- [YOUR ASSIGNMENT]:
In the data below, begin at the line with "May include: A" and stop after the line with "sunrise behind a Deutz tractor"; output those lines exactly and no pictures.

- [PROVIDED MATERIAL]:
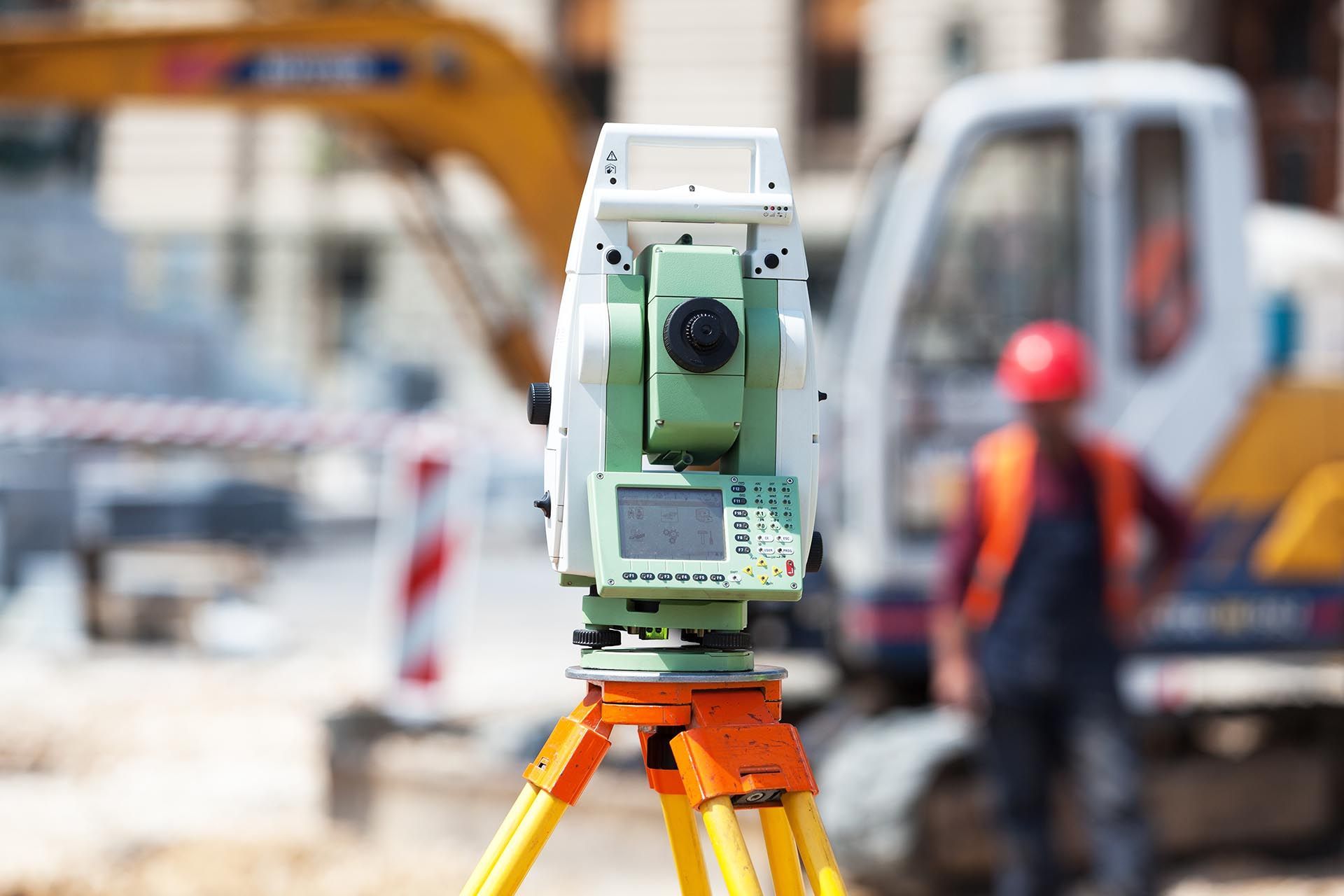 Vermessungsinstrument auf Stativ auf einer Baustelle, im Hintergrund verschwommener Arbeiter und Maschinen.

* * *

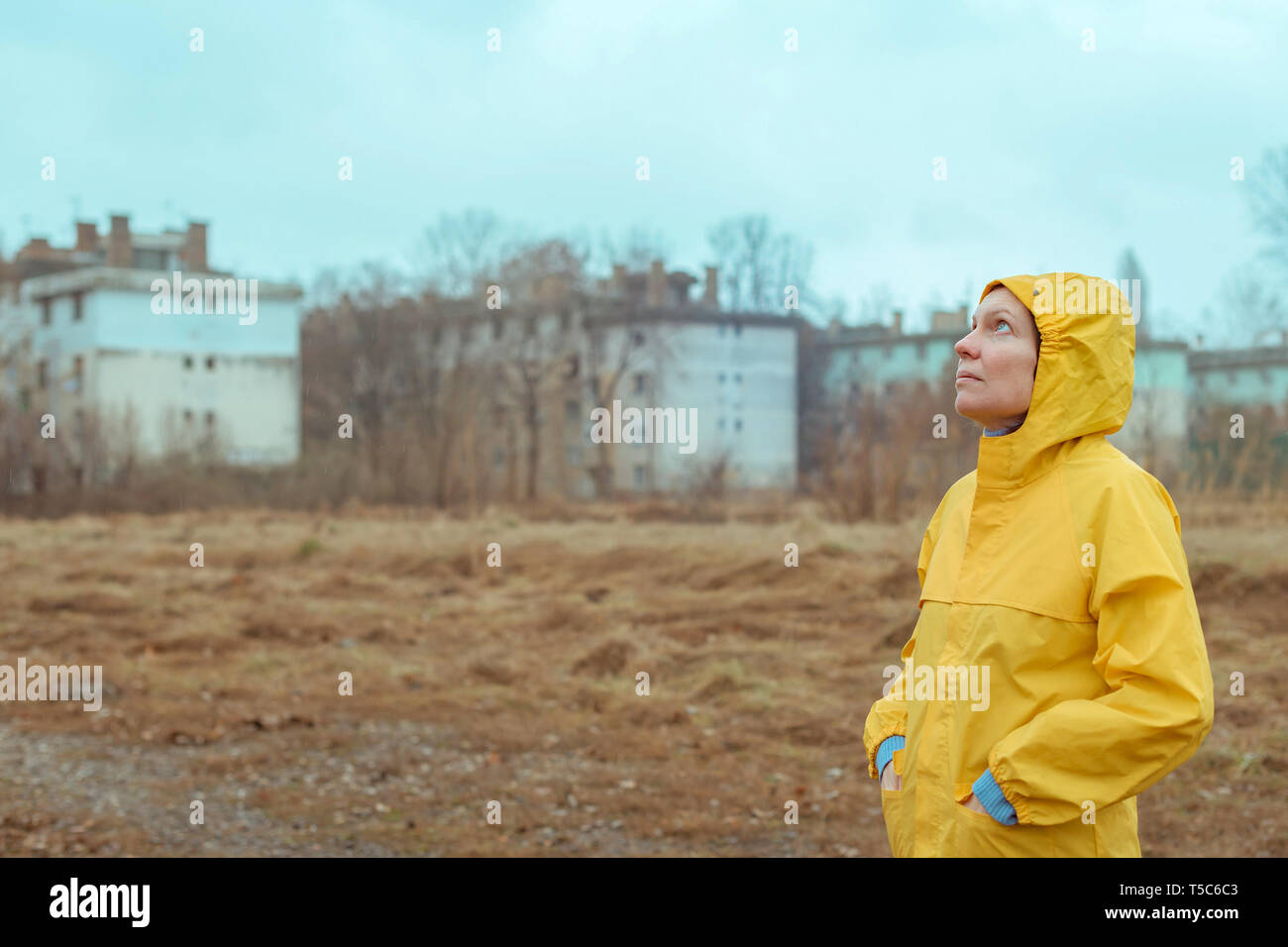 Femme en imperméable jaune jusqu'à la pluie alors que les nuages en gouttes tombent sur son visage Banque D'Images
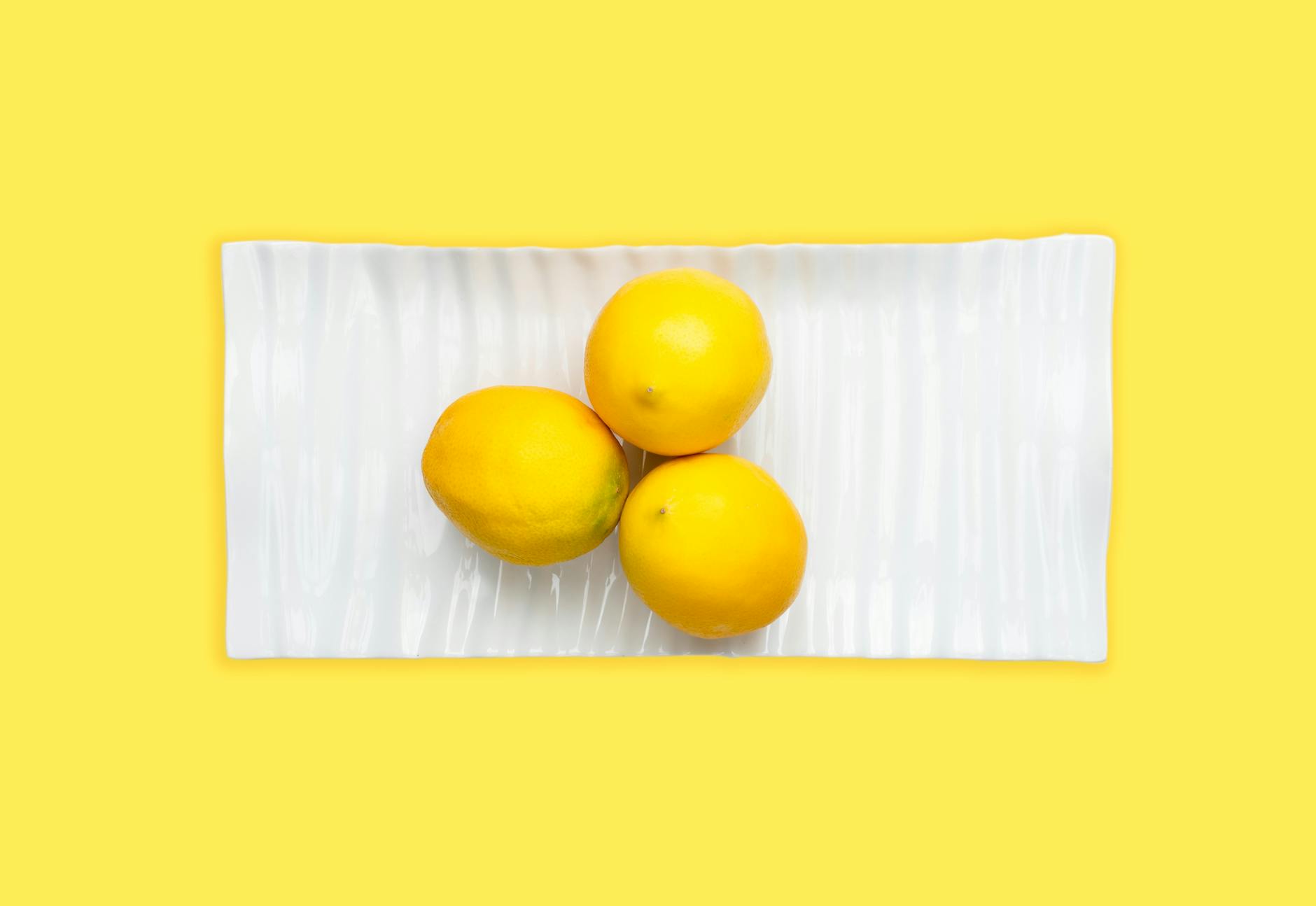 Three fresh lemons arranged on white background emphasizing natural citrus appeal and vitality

==

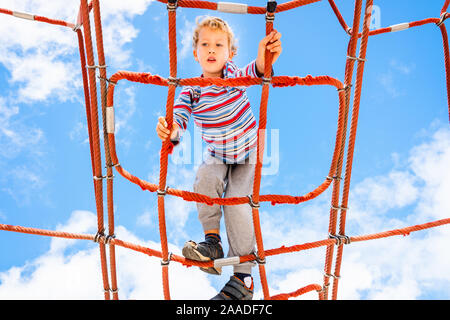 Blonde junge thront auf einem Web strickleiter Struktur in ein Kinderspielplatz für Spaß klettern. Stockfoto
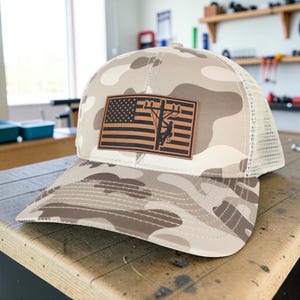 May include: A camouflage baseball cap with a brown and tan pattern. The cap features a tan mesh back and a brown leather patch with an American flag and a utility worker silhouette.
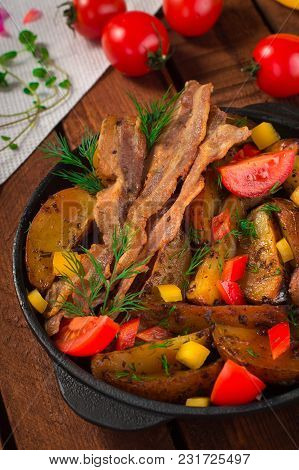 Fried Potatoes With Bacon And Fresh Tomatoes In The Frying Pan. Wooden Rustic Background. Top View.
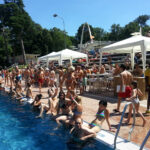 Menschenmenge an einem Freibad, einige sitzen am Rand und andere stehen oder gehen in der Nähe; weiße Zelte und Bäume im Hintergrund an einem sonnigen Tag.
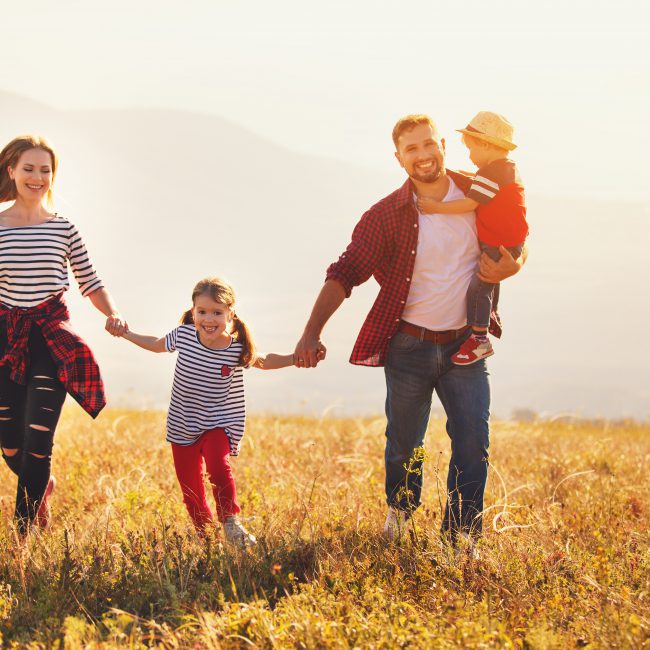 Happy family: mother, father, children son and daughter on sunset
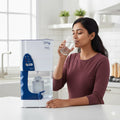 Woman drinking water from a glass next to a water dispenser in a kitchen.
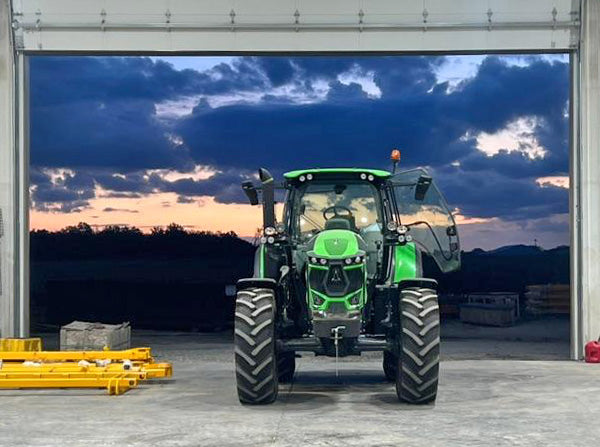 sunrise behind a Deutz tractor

- [TASK SOLUTION]:
 May include: A camouflage baseball cap with a brown and tan pattern. The cap features a tan mesh back and a brown leather patch with an American flag and a utility worker silhouette.
 Fried Potatoes With Bacon And Fresh Tomatoes In The Frying Pan. Wooden Rustic Background. Top View.
 Menschenmenge an einem Freibad, einige sitzen am Rand und andere stehen oder gehen in der Nähe; weiße Zelte und Bäume im Hintergrund an einem sonnigen Tag.
 Happy family: mother, father, children son and daughter on sunset
 Woman drinking water from a glass next to a water dispenser in a kitchen.
 sunrise behind a Deutz tractor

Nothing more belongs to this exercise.